Pastoureau aplica una labor de espeleología cultural sobre el extenso bestiario que acompaña al hombre desde el albor del mundo

Recordemos que Pastoureau, historiador de aquel Medievo “enorme y delicado” que cantó Verlaine, se dio a conocer con sus estudios sobre el color, de los que ya hemos dado noticia en estas páginas. Unos estudios que, como ya supondrá el lector, no guardan una estrecha relación con la óptica, y sí con la simbología de los colores, cuya utilidad y cuya significación han variado sustancialmente a lo largo de la historia (el azul, que principió siendo el color de los bárbaros en la antigua Grecia, es hoy el color de la eficiencia; y el verde, color tóxico y amenazante en los 80, hoy es el color de la ecología, el color de lo sencillo, lo puro y lo correcto). Esta misma labor de espeleología cultural es la que Pastoureau aplica ahora sobre el extenso bestiario que acompaña al hombre desde el albor del mundo, y que conforma sus mitos fundacionales: el arca de Noé, el Becerro de Oro, Leviatán, etcétera. Lo cual no quiere decir que estos Animales célebres se ciñan al contorno difuso del mundo antiguo. Pero sí que cuantas criaturas comparecen aquí, dispuestas en una vaga y flexible cronología, rinden su tributo y declaran su deuda con el amplísimo linaje de sus antepasados.

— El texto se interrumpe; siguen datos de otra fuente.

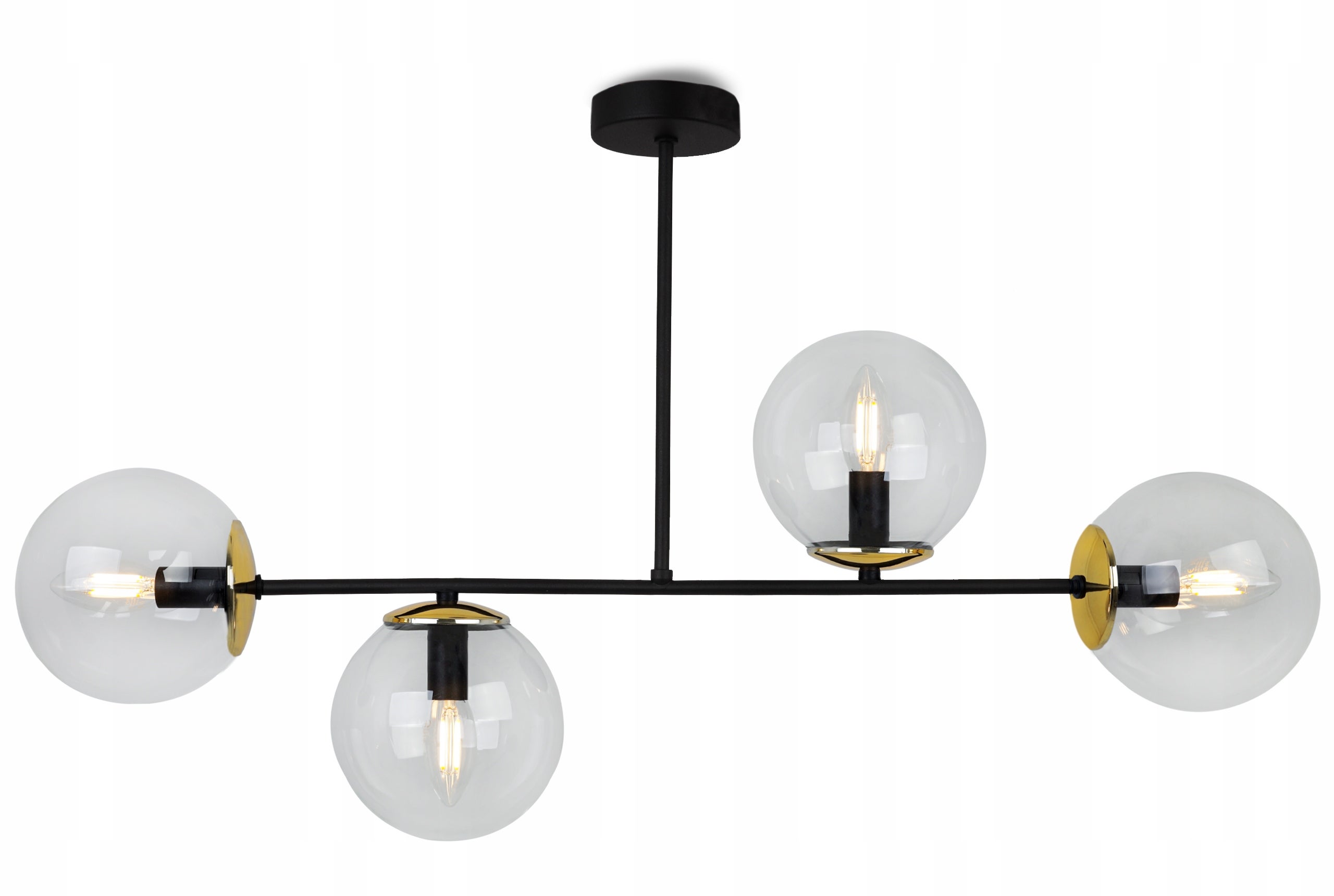 Lampa sufitowa wisząca Tuluza elegance 4xE27 abażur kule transparentne/złote Light Home LH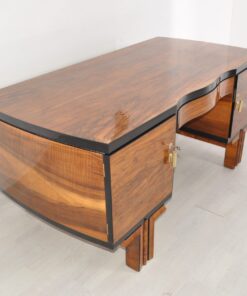 1920s Art Deco Walnut Wood Desk from France, Luxury antiques, Art Deco furniture, restoration, high gloss desks, walnut wood furniture, interior design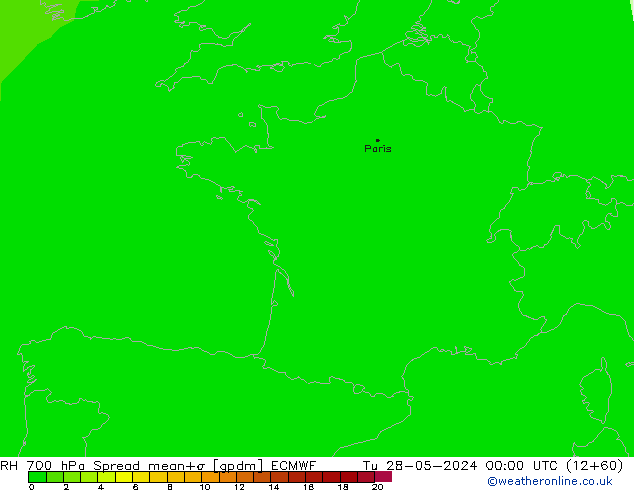 RH 700 гПа Spread ECMWF вт 28.05.2024 00 UTC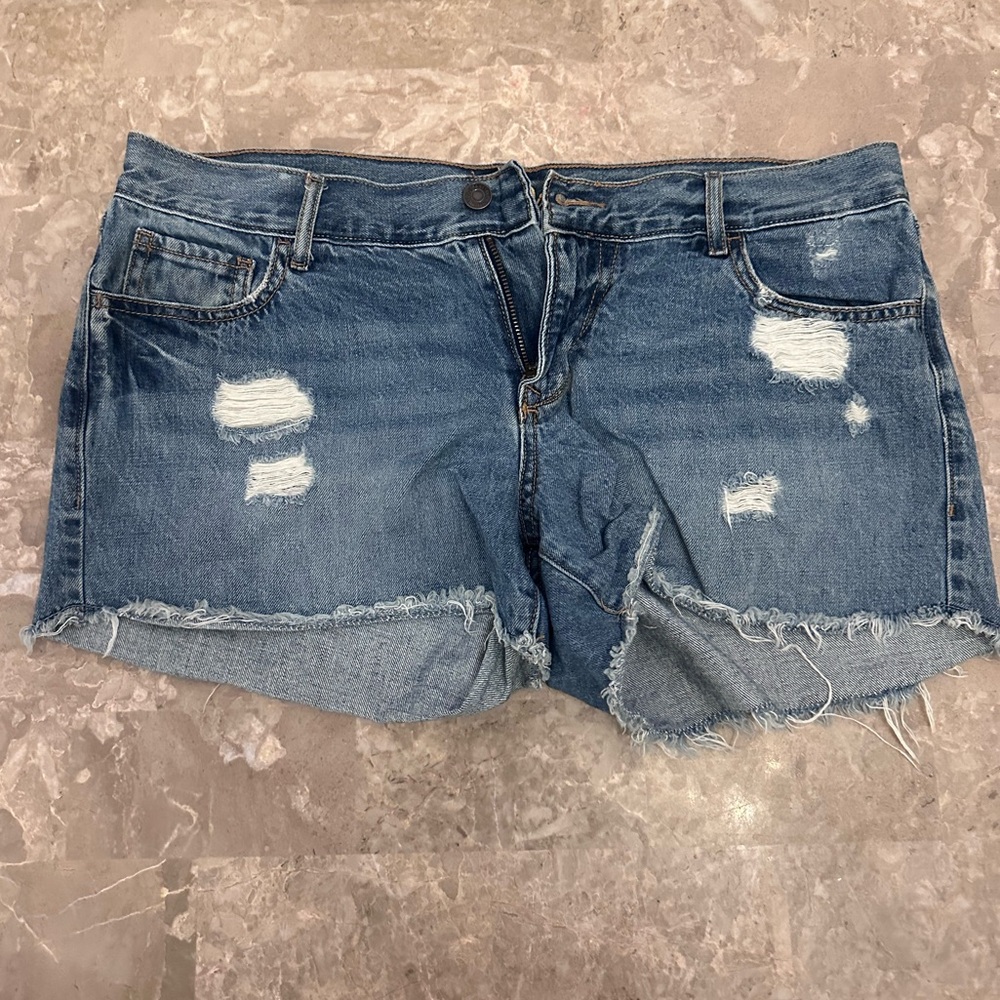 Old Navy Distressed Blue Denim Shorts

Unos antepasados, insisto, cuya existencia acaso no contemple la realidad “física”, como el dragón que prefigura al monstruo del Lago Ness, nuestro tímido y apesadumbrado Nessy; pero unos antepasados que disfrutan de una realidad, tal vez más honda y perdurable: aquélla donde el mito y el hombre se confunden. Gracias a esta lectura de nuestro acervo imaginario, es fácil vincular cierta idea del Mal, de lo demoníaco, con sierpes y reptiles de letal hermosura. Tan fácil como adivinar en el león una promesa de grandeza. La idea, por otra parte, procede claramente de los bestiarios del medievo, heredados de la Antigüedad, y a los que Pastoureau alude con frecuencia. De la Historia natural de Plinio a las Etimologías de San Isidoro, lo que se recoge ahí no son tanto las cualidades físicas de un animal, cuanto sus calidades morales (este podría ser, según De Bruyne, una buena definición del mundo medieval), que le emparentan, por la vía de la similitud, con las realidades humanas. El cerdo de San Antonio, el león de San Jerónimo, el humilde asno que llevará a Jesús a Jerusalén, pero antes lo ha acompañado en el portal de Belén y en su apresurada huida a Egipto... Todos estos animales, digo, son el símbolo, la cifra, de una virtud, como la sierpe será, ya para siempre, el emblema de la curiosidad, la duda y el orgullo.

Por estas páginas asoman, pues, osos lujuriosos, lobos atroces, zorros de una astucia humanísima y gentil; también muchos de aquéllos animales que, de un modo un otro, han quedado vinculados a un nombre: los elefantes de Aníbal, glosados por Apiano; el rinoceronte que retrató Durero, la jirafa que recibió Carlos X, obsequio del pachá de Egipto, las fábulas de La Fontaine, luego reobradas por nuestro Samaniego... Añadamos a esto los leopardos que Ricardo Corazón de León llevó en su escudo, así como otros seres de varia imaginación: la Milú de Tintín, el pato y el ratón y ideados por Disney, los desdichados jabalíes que devoró Obelix a lo largo de su portentosa existencia, y así hasta llegar, como dijimos, a la oveja Dolly, donde quizá coincidan la vieja simbología del cordero con el mito de Prometeo, padre de la técnica.

Dice Pastoureau, al comienzo de este ameno y curiosísimo volumen, que en ese índice de bestias hay más osos y cerdos que cualquier otro animal, ya sean éstos reales o seres extraordinarios y quiméricos. Lo cual implica, por lo demás, una obviedad. El hombre sólo sueña aquello que conoce.